Segment Start: Data listing

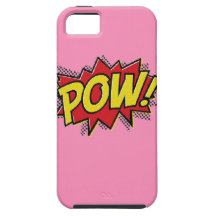 Hero Pow Burst iPhone Case-Cotton Candy Pink iPhone 5 Covers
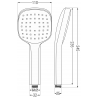 Mexen Uno DR33 concealed shower set, black - 71435DR33-70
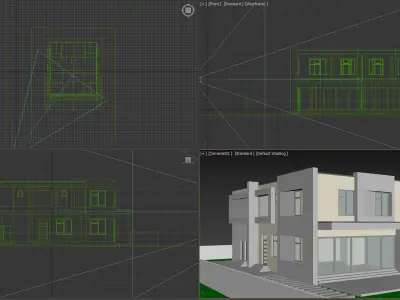 Modern House - ABD 2-0 Low-poly 3D model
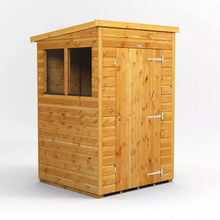 Load image into Gallery viewer, Pent Shed T&amp;G – Customisable Garden Shed with Tongue &amp; Groove Cladding, Heavy-Duty Framing &amp; Quick Delivery-Eclipse Fencing
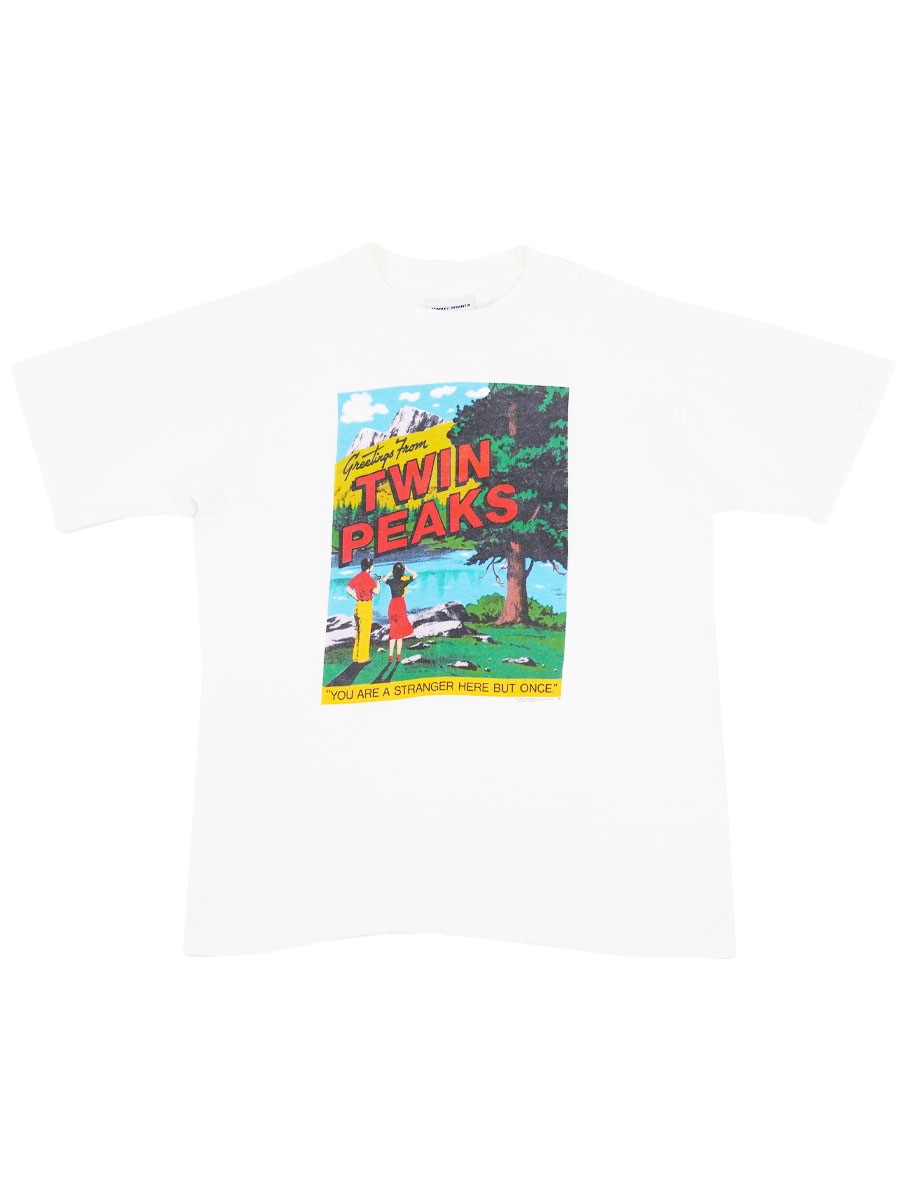 90's STANLEY DESANTIS ''TWIN PEAKS'' プリントTシャツ ホワイト 表記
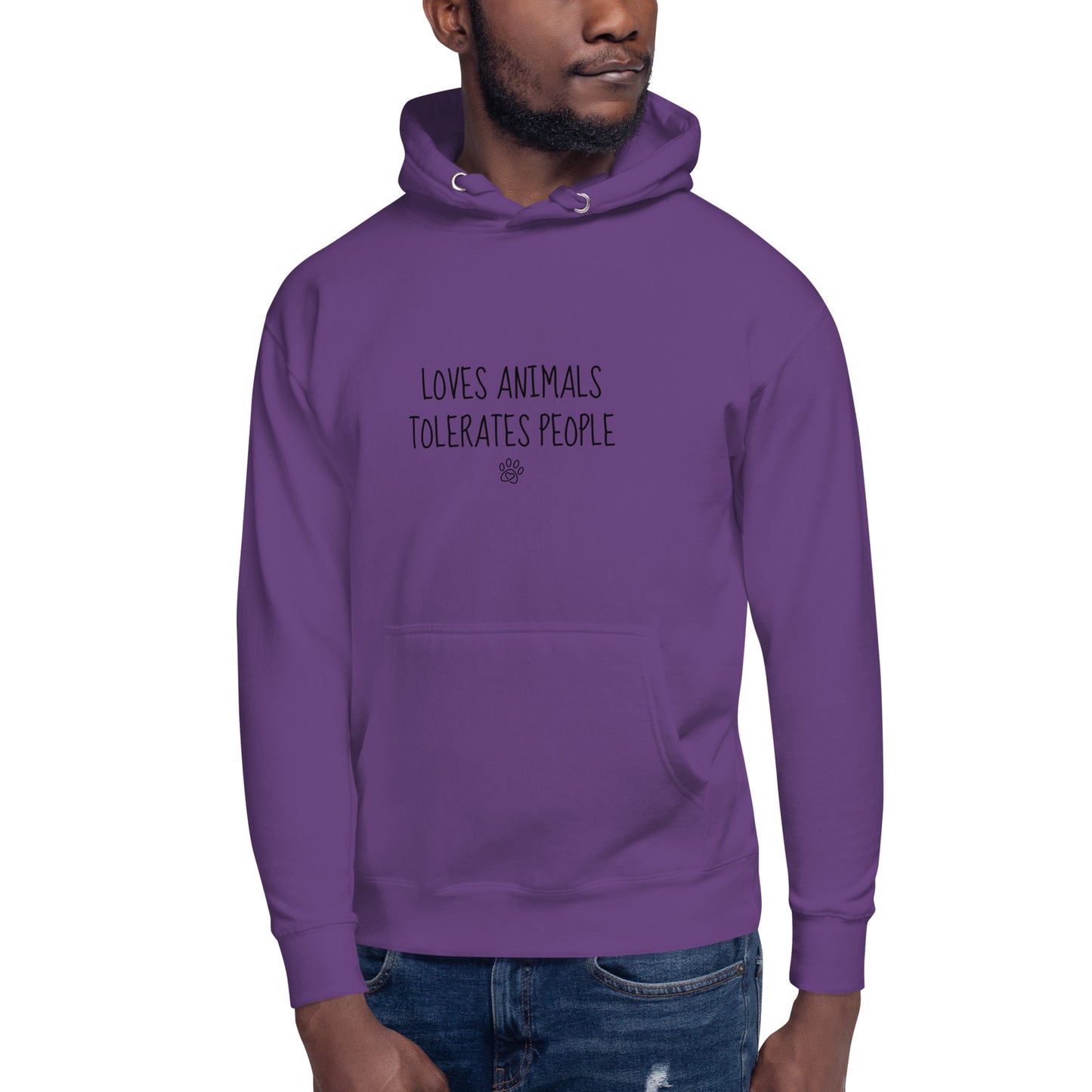 Loves Animals Tolerates People Unisex Hoodie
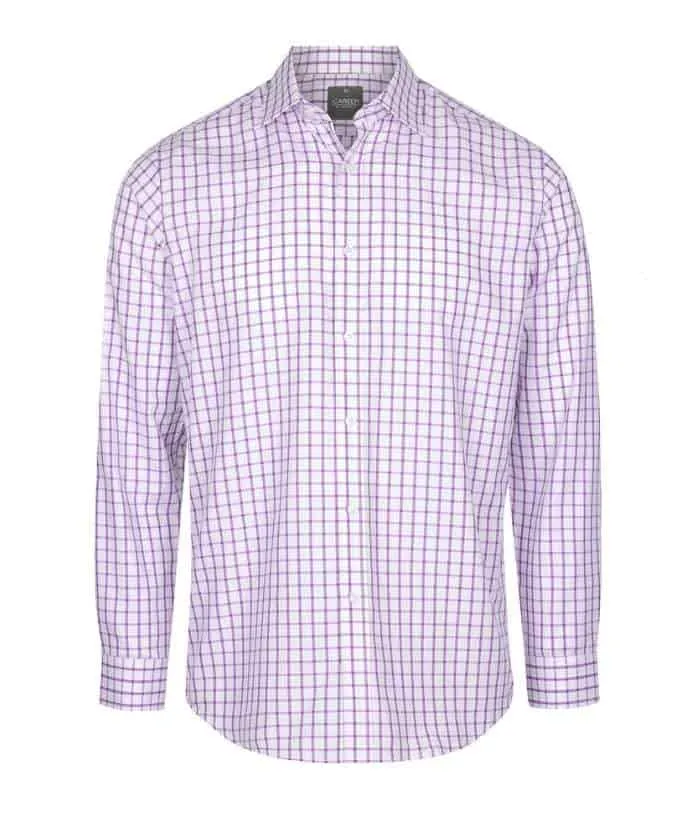 Bourke Oxford Check Mens L/S Shirt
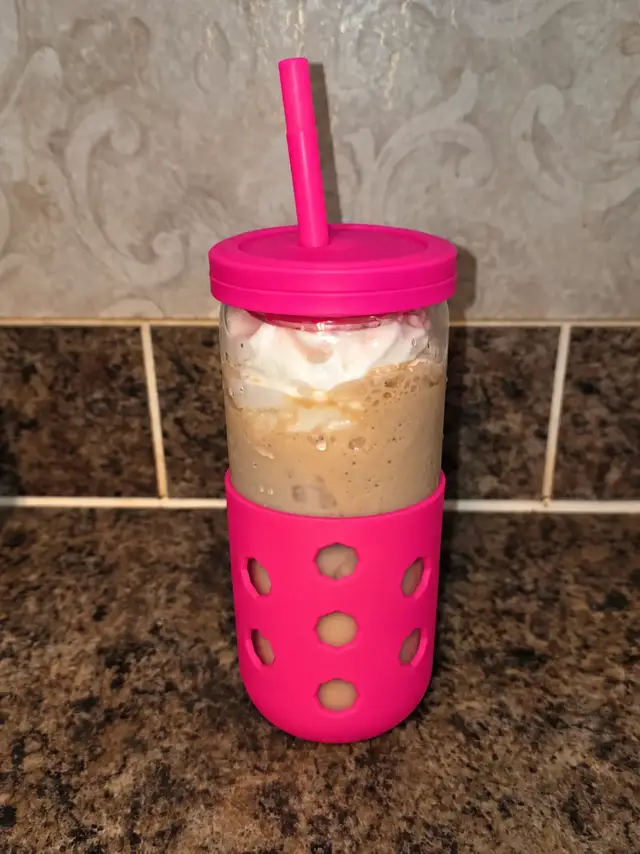 Pretty in pink and fueled by caffeine! 💗☕💕 A little iced coffee, a whole lot of whipped cream, and my favorite pink cup to start the day off right! 🎀✨ Who else can't start their morning without their iced coffee? 🙋‍♀️💕 Cup 🔗 https://walmrt.us/4sgUivn #IcedCoffeeLover #PinkCupObsessed #CoffeeTime #MorningVibes #CoffeeGirlies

Segment End: Data listing

> **What you will do**
All records above are to be repeated exactly, with the images left out.

> **The completed task**
 Hero Pow Burst iPhone Case-Cotton Candy Pink iPhone 5 Covers
 Mexen Uno DR33 concealed shower set, black - 71435DR33-70
 Modern House - ABD 2-0 Low-poly 3D model
 Load image into Gallery viewer, Pent Shed T&amp;G – Customisable Garden Shed with Tongue &amp; Groove Cladding, Heavy-Duty Framing &amp; Quick Delivery-Eclipse Fencing
 90's STANLEY DESANTIS ''TWIN PEAKS'' プリントTシャツ ホワイト 表記
 Loves Animals Tolerates People Unisex Hoodie
 Bourke Oxford Check Mens L/S Shirt
 Pretty in pink and fueled by caffeine! 💗☕💕 A little iced coffee, a whole lot of whipped cream, and my favorite pink cup to start the day off right! 🎀✨ Who else can't start their morning without their iced coffee? 🙋‍♀️💕 Cup 🔗 https://walmrt.us/4sgUivn #IcedCoffeeLover #PinkCupObsessed #CoffeeTime #MorningVibes #CoffeeGirlies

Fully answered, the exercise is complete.